Iff you care about making a good presentation, it's crucial to NEVER put your hands in your pockets during presentations. It's also crucial to EMPTY YOUR POCKETS before delivering a presentation.
It communicates low-confidence, low social status, and low effort/energy/caring for the topic and audience!
Why empty your pockets before delivering a presentation? Because so many presentations are ruined by hands going into pockets, jingling keys, jingling change, cell phones going off, etc. Items in pockets will become distractions, and you don't want to be distracted (again iff you care about making a good presentation).

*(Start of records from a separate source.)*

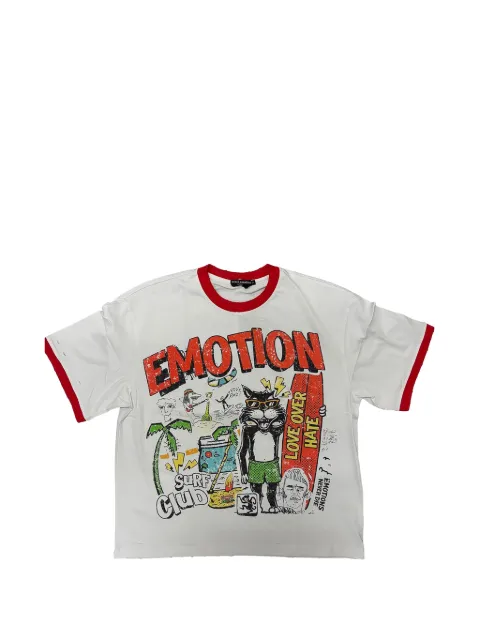 Mixed Emotion Surf Club graphic-print ringer T-shirt White MIXE061
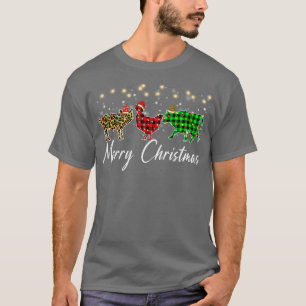 Frohe Weihnachten Drei Hühner Büffel Leopard Rot T-Shirt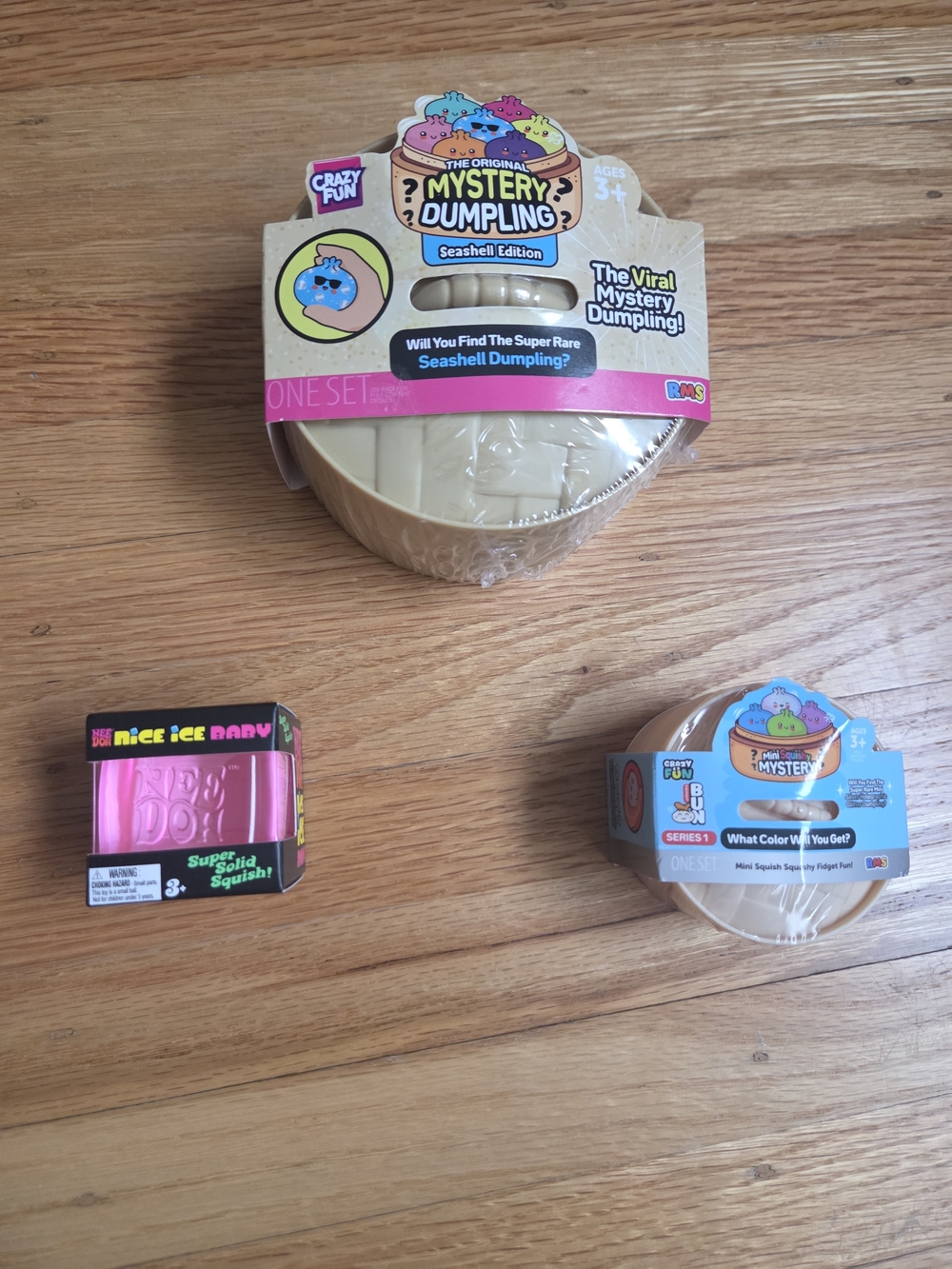 1 RMS Mystery Dumpling Seashell, 1 RMS Mini Mystery Dumpling & 1 Pink   Needoh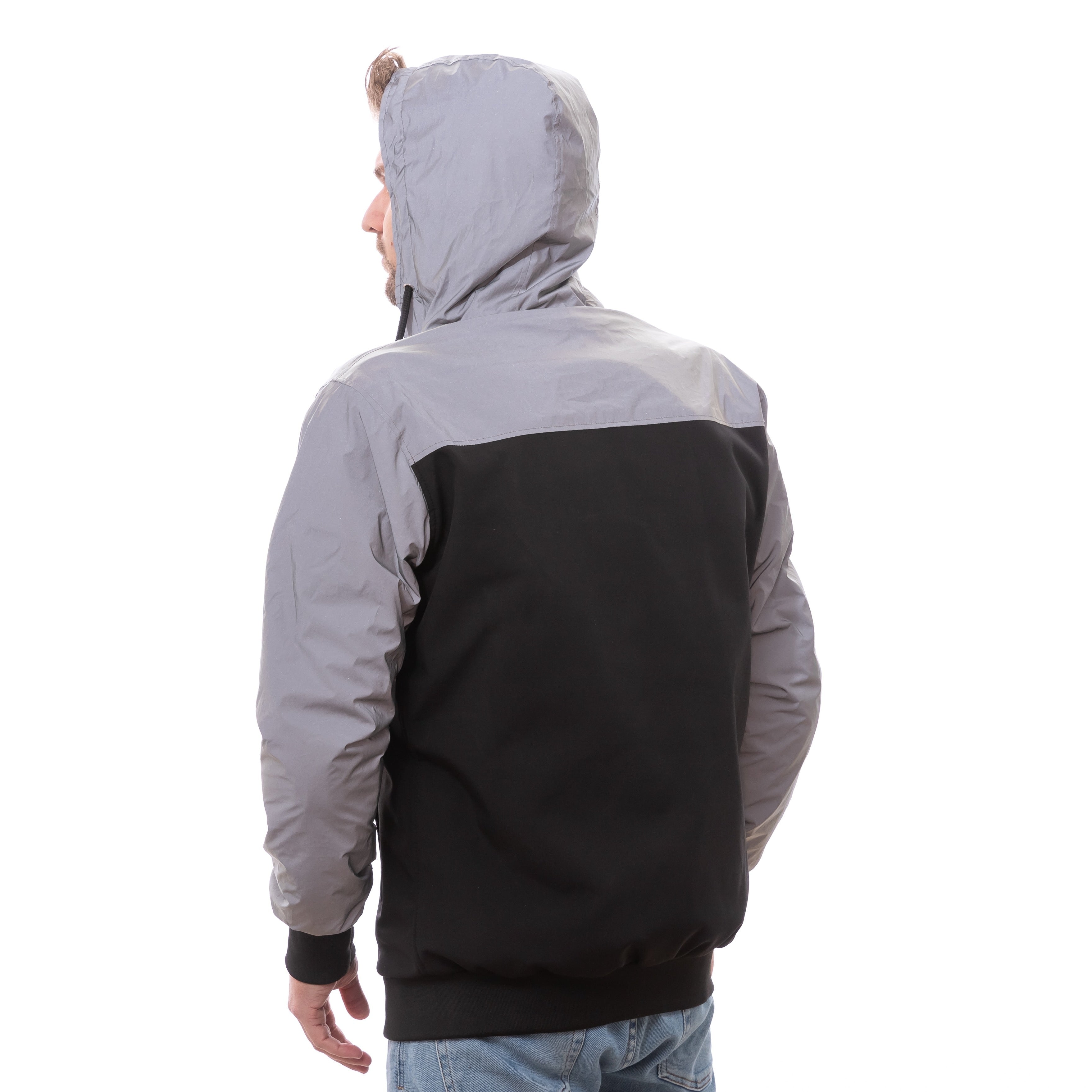 Kevlar armored motorcycle jacket in reflective grey and black with included CE Level 2 pads, designed for enhanced night visibility and full‑body protection.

Default hand position during a presentation should be arms at side with elbows bent 90 degrees, hands outstretched. To communicate friendliness, warmth, enthusiasm, and confidence, use expansive gestures by going wider from the default hand position and making overhead gestures occasionally, smile, tilt your head, and don't be stiff or robotic. A relaxed but upright posture. NEVER cross your arms, put them in your pockets, put them behind your back, cover your crotch (the Adam and Eve pose). Don't point with a finger, point with a hand. Use palms-up (assertive/submissive/friendly) gestures whenever possible, and avoid palms-down (dominant/unfriendly). Sometimes, you can emphasize or punctuate a critical point with a dominant body language, and it shows tremendous confidence. But don't overdo it, or you seem unfriendly.
Watch good presenters and politicians. You will notice they never put their hands in their pockets while speaking/presenting. Maybe they pull something out of a pocket dramatically to demonstrate something. They never have anything in their pockets for their fingers to wander off and jingle.
I abstain from comment on what you heard "through the grapevine", and you shouldn't care about gossip and rumors, either.